瞎眼老太似乎知道屋子里有人,這會兒更加慌張了。
“你怎么不說話?你是誰啊!”
瞎眼老太從凳子上站起來,翻著肉眼球的兩只眼睛左右翻動,看上去有點滲人,他雙手摸摸索索的伸著,嘴里著急的喊,“老頭子,老頭子,咱們家來人了,你快出來看看啊。”
這瞎眼老太穿的衣裳破爛不堪,頭發也亂糟糟的,兩只枯瘦如柴的手干癟的像是老樹皮。
整個人就跟從墳里爬出來的一樣,看起來日子過的十分的凄苦。
看到她這般模樣,我心里多少有些不忍,抬頭看了一眼正堂上的靈位,想要說話,但是想到了瘋女人,我下意識的打消了這個念頭。
瞎眼老太站起來后摸摸索索的往前面走,沒幾步就摸索到坐在一旁的那個稻草扎的老頭了。
老太跺著腳,嘴里嚷著,“老頭子,咱們屋子里來人了,你快看看,來的是什么人,怎么不說話啊。”
瞎眼老太見不說話,一邊摸著那個穿著衣服的稻草人,說道,“老頭子,你別睡了,你快看看,咱家來人了。

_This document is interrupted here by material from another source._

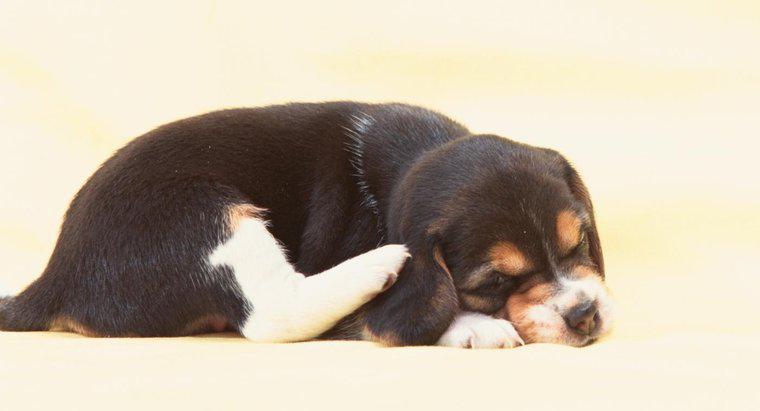 O que você pode usar para pulgas em cachorros com apenas cinco semanas de idade?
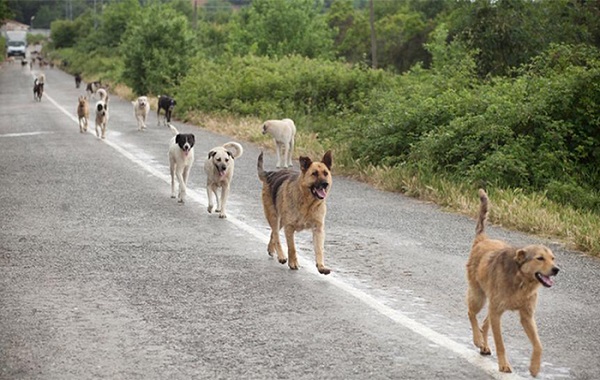 cani-randagi-1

”
我看到這一幕心里很不是滋味,以前我聽說過一個是,在我們隔壁村有一個老韓頭。
自己的老伴兒去世了,受不了打擊精神崩潰了,不知道從什么地方撿到了一個人偶。
把人偶帶回去套上自己老伴生前的衣服,就把人偶當成自己老伴了,每天在房間里,總是會沖著那人偶喊老伴的名字。
那一幕又詭異又顯得心酸。
周虹已經好幾年沒有回來,可能她并不知道,自己的父親已經去世了。
她這個患有眼疾的母親,弄出來了一個草人,穿上生前的衣服,以這種方式悼念或者是當成寄托。

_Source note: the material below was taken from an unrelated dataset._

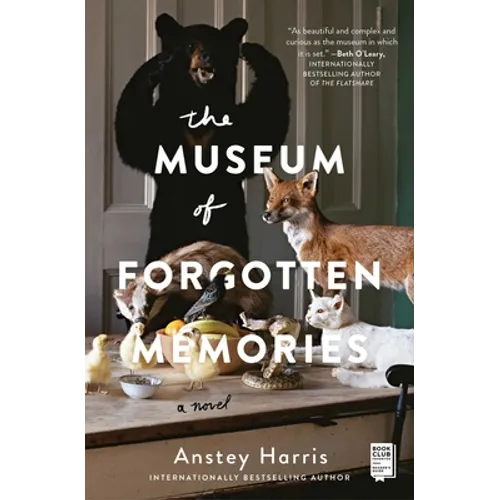 The Museum of Forgotten Memories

瞎眼老太在草人的身上摸索了一下,渾身嚇得顫抖不停,那草人沒有半天沒說話。
瞎眼老太哆哆嗦嗦的沖著空氣問,“你是誰啊,都進屋子了,你咋不說話啊。”
說著,站起來慢慢的摸索。
我站在堂屋一直看著,但這時候心里卻在不停的琢磨。
周虹的尸體去哪兒了。
黎彥修怎么會突然變成那樣!?
正在我想的時候,我看到靈堂上的蠟燭火光搖曳了好幾下,在背后又一股陰風撲面而來。
我下意識的扭頭,一瞬間我的腦門上冒起一層冷汗,只覺得心底一陣陣發寒。
因為剛剛坐在凳子上的草人此刻居然直挺挺的站起來了,不僅如此,它還從寬大的袖子里伸出來兩只皺巴巴用一層白皮制成的手,朝著我的脖子探了過來。
居然悄無聲息的時候,已經離我脖子只有短短的距離。
我嚇的不輕,本能的往后退開。
但是退后的時候,一下就撞到了摸索的瞎眼老太身上,她身體本來就枯瘦如柴,而且佝僂著腰比我矮一大截。
此刻被我一撞后,一下就朝前面撲過去,眼看就要摔倒。
“小心!”
我大驚失色,當即內心一急,本能就朝著老太過去,想要扶住她。
只不過瞎眼老太往前打來個趔趄后,一下居然直挺挺的站在了原地,扭過頭來,然后忽然的把臉抬了起來。
她的那兩只白眼肉球滾動著,原本慌張的表情陡然變得陰森起來,嘴角慢慢的沖著我勾勒出來了一抹詭異陰森的笑容。
看到她沖著我露出的森然的笑,我心里當即一寒,感覺鋪天蓋地的陰風撲面而來。
“小丫頭,這下你逃不掉了,咯咯咯……”
瞎眼老太沖著我陰森的笑著,露出焦黃已經快掉光的稀松牙齒。
我心下一涼,知道大事不妙。
猛的把瞎眼老太推開,轉身就朝門口跑,但是轉過頭的時候,心里又一下沉道了谷里。